__BRIEF__.
Nothing but the lines from the start of the records below through the line that has "Prompt: Full body" should appear, each exactly as given.

━━━━━━━━━━━━━━━━━━━━━━━━━━━━━━

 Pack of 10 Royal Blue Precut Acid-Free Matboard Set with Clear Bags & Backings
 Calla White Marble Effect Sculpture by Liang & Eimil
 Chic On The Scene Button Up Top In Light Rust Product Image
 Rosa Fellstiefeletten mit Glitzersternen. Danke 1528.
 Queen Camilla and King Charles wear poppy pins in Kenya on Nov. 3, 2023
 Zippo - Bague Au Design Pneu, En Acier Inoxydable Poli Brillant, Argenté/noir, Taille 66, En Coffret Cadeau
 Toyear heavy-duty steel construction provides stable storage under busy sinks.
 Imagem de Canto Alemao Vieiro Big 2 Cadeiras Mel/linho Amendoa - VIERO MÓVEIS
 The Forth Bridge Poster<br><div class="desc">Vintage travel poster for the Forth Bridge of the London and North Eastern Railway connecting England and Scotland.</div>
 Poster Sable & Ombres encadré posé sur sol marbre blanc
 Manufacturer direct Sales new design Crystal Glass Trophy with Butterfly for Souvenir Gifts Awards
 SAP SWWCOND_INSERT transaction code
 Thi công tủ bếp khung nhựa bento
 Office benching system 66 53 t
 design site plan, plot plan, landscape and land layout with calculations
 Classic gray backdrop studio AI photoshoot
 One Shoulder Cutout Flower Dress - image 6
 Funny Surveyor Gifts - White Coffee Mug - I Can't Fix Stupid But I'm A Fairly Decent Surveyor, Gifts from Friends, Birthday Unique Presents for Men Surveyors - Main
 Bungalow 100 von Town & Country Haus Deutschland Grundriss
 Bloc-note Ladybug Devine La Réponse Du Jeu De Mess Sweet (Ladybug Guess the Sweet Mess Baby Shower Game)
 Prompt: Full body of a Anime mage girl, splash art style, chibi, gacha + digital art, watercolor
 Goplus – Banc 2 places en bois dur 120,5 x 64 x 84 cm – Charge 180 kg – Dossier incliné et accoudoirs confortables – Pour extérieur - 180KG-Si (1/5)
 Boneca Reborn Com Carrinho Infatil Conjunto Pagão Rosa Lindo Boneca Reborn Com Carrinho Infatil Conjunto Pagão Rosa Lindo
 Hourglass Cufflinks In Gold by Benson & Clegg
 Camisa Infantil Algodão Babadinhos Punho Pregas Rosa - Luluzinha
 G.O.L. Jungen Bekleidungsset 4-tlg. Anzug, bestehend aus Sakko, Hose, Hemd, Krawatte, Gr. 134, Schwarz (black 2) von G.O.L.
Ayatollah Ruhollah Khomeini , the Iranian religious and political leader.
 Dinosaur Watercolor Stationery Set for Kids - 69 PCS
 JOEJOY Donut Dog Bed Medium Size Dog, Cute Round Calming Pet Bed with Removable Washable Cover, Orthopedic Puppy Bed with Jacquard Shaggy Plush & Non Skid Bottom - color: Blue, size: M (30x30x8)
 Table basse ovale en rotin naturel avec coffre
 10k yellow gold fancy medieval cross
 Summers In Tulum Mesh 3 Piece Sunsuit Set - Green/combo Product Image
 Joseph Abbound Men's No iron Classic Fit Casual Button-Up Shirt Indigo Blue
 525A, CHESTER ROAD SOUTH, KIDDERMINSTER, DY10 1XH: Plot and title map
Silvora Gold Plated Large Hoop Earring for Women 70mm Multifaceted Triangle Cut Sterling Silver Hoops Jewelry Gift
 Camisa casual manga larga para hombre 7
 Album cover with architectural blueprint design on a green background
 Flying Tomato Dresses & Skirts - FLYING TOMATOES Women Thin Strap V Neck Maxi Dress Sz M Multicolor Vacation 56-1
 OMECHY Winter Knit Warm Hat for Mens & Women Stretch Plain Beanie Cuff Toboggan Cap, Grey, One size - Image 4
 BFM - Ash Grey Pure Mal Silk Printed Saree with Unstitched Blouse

━━━━━━━━━━━━━━━━━━━━━━━━━━━━━━

__FINISHED TASK__.
 Pack of 10 Royal Blue Precut Acid-Free Matboard Set with Clear Bags & Backings
 Calla White Marble Effect Sculpture by Liang & Eimil
 Chic On The Scene Button Up Top In Light Rust Product Image
 Rosa Fellstiefeletten mit Glitzersternen. Danke 1528.
 Queen Camilla and King Charles wear poppy pins in Kenya on Nov. 3, 2023
 Zippo - Bague Au Design Pneu, En Acier Inoxydable Poli Brillant, Argenté/noir, Taille 66, En Coffret Cadeau
 Toyear heavy-duty steel construction provides stable storage under busy sinks.
 Imagem de Canto Alemao Vieiro Big 2 Cadeiras Mel/linho Amendoa - VIERO MÓVEIS
 The Forth Bridge Poster<br><div class="desc">Vintage travel poster for the Forth Bridge of the London and North Eastern Railway connecting England and Scotland.</div>
 Poster Sable & Ombres encadré posé sur sol marbre blanc
 Manufacturer direct Sales new design Crystal Glass Trophy with Butterfly for Souvenir Gifts Awards
 SAP SWWCOND_INSERT transaction code
 Thi công tủ bếp khung nhựa bento
 Office benching system 66 53 t
 design site plan, plot plan, landscape and land layout with calculations
 Classic gray backdrop studio AI photoshoot
 One Shoulder Cutout Flower Dress - image 6
 Funny Surveyor Gifts - White Coffee Mug - I Can't Fix Stupid But I'm A Fairly Decent Surveyor, Gifts from Friends, Birthday Unique Presents for Men Surveyors - Main
 Bungalow 100 von Town & Country Haus Deutschland Grundriss
 Bloc-note Ladybug Devine La Réponse Du Jeu De Mess Sweet (Ladybug Guess the Sweet Mess Baby Shower Game)
 Prompt: Full body of a Anime mage girl, splash art style, chibi, gacha + digital art, watercolor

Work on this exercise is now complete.